Defense-first shortstops are not unfamiliar to Cardinals fans. Brendan Ryan endeared himself to the fanbase with a quirky personality and – more importantly – stellar defensive profile that justified extensive playing time despite limited offensive potential. B. Ryan has posted league average offensive numbers exactly once in his career (in 2009 with the Cardinals), and he did so with the aid of good fortune on balls in play. He was worth 2.9 fWAR. When his luck regressed in his first season with Seattle, he still managed to be worth 2.6 fWAR thanks to spectacular defense at a premier position.
Of course, my intention here isn’t really to compare Ryan Jackson to Brendan Ryan. It’s impossible to make such an inference based on minor league defensive statistics available to the public at this time. B. Ryan is quite possibly (probably) the superior defender but our hope is that Jackson manages to swing a bat that approaches the league average, which means he wouldn’t have to be quite as impressive with the leather to contribute at the major league level. After all, 2-3 WAR players are valuable commodities, especially for mid-market teams like the Cardinals. These cost-controlled pieces allow for teams to invest more heavily in core players considered indispensable, such as Yadier Molina.
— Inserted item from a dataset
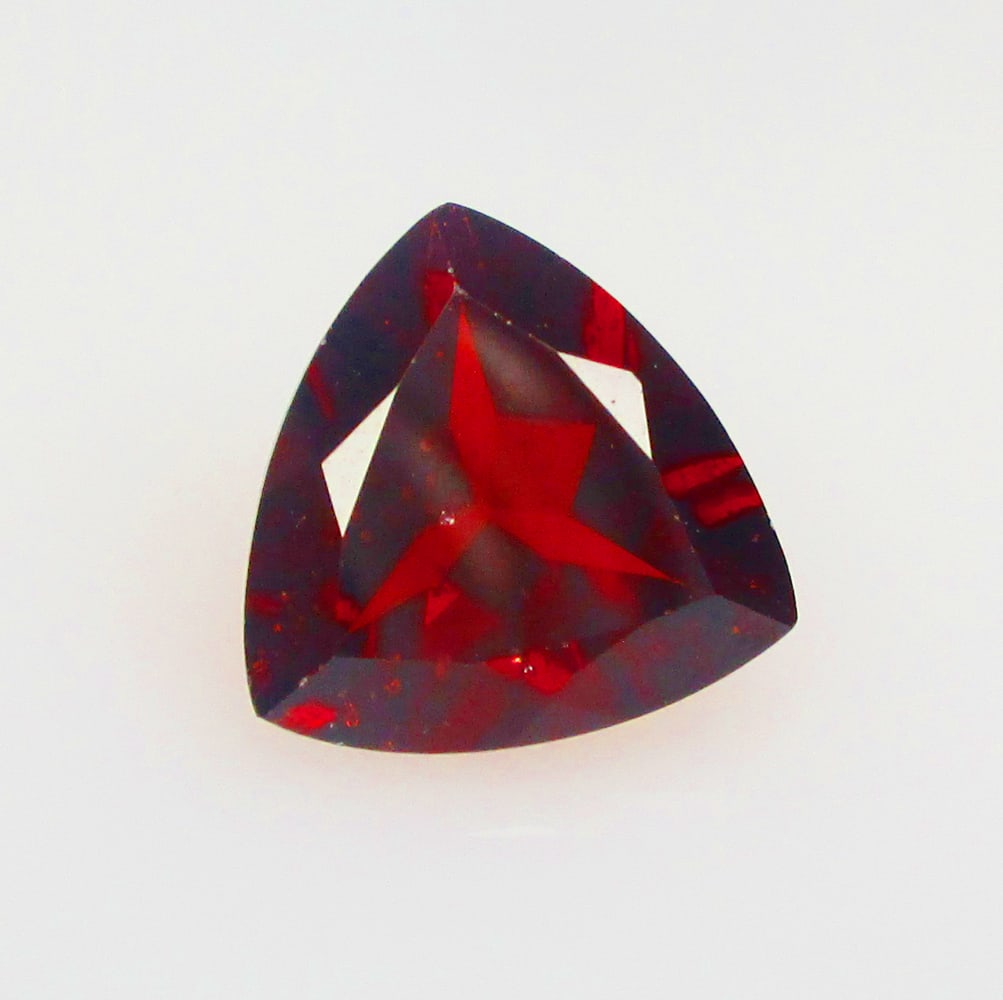3.82 Ctw Natural Rhodolite Garnet Trillion Cut: No Reserve! Title: 3.82 Ctw Natural Rhodolite Garnet Trillion Cut Stone Clarity: VVS Gemstone:Natural Rhodolite Garnet Carat Weights: 3.82 Size/Dimensions: 10.30 x 10.20 x 5.50 mm Additional Info:Purp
B. Ryan never even accumulated 250 plate appearances in double-A but, altogether, he produced at a league average level, but that number dropped precipitously when he reached triple-A, where he posted a .306 wOBA in 353 plate appearances as a 25-year-old.
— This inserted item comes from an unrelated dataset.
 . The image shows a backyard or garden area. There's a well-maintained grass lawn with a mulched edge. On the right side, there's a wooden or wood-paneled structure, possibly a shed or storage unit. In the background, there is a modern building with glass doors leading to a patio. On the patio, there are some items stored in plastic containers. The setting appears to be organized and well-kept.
Entering this season, we wondered whether Ryan Jackson would be able to replicate his offensive success or if it would become apparent that he benefited from a generous run scoring environment. At first glance, Jackson has passed the test with a .287 batting average and 8% walk rate that has combined to help create a 95 wOBA+, but what else is happening beneath the surface?
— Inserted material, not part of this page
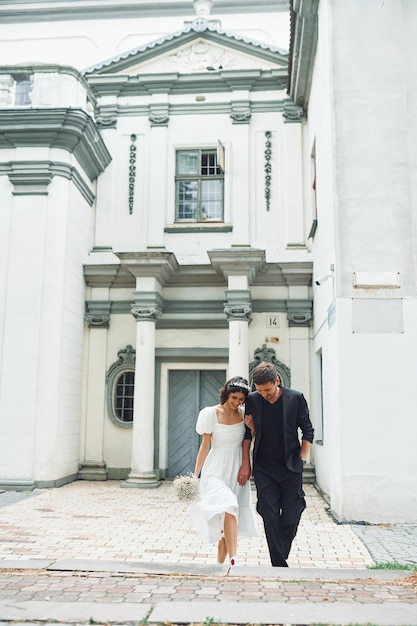 Contra o grande edifício da igreja Linda noiva com seu noivo está celebrando o casamento ao ar livre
In 2011, Jackson displayed unexpected pop in Springfield that featured 11 home runs, 34 doubles, and 3 triples in 599 plate appearances. In 2012 at Memphis, he has 2 home runs, 11 doubles, and 1 triple in 226 plate appearances. So while he averaged an extra base hit in every 12.5 plate appearances before, that number has fallen to 16.1 plate appearances this season. Basically, Jackson’s isolated power has dropped back to pre-Springfield levels meaning that he must depend on more singles falling in for hits which make him much more reliant on batted ball luck, something that has been in his favor this season (.359 BABIP).
Higher BABIPs are easier to accept from players that are unusually fast or hit a higher percentage of line drives, but neither of these attributes apply to Jackson. He’s never been much of a threat on the bases and his line-drive percentage sits at 17%, an unspectacular number (keep in mind minor league batted ball data is presumably even less reliable than it is in the majors). Meanwhile, he has seen a 4% increase in strikeouts (19% in triple-A compared to 15.2% in double-A), a trait atypical of players needing to derive value from mostly singles.
I don’t say all of this to discredit Ryan Jackson’s achievements thus far because I do take some comfort in his ability to tread water at Memphis, but we should also exercise caution in our enthusiasm and view him through the prism of other statistics which paint a broader picture of the prospect. Yes, Ryan Jackson has performed at a near league-average level to date but it hasn’t been without the help of a little luck, and there’s still some reason for us to doubt his ability to keep this up as he nears his eventual promotion to St. Louis.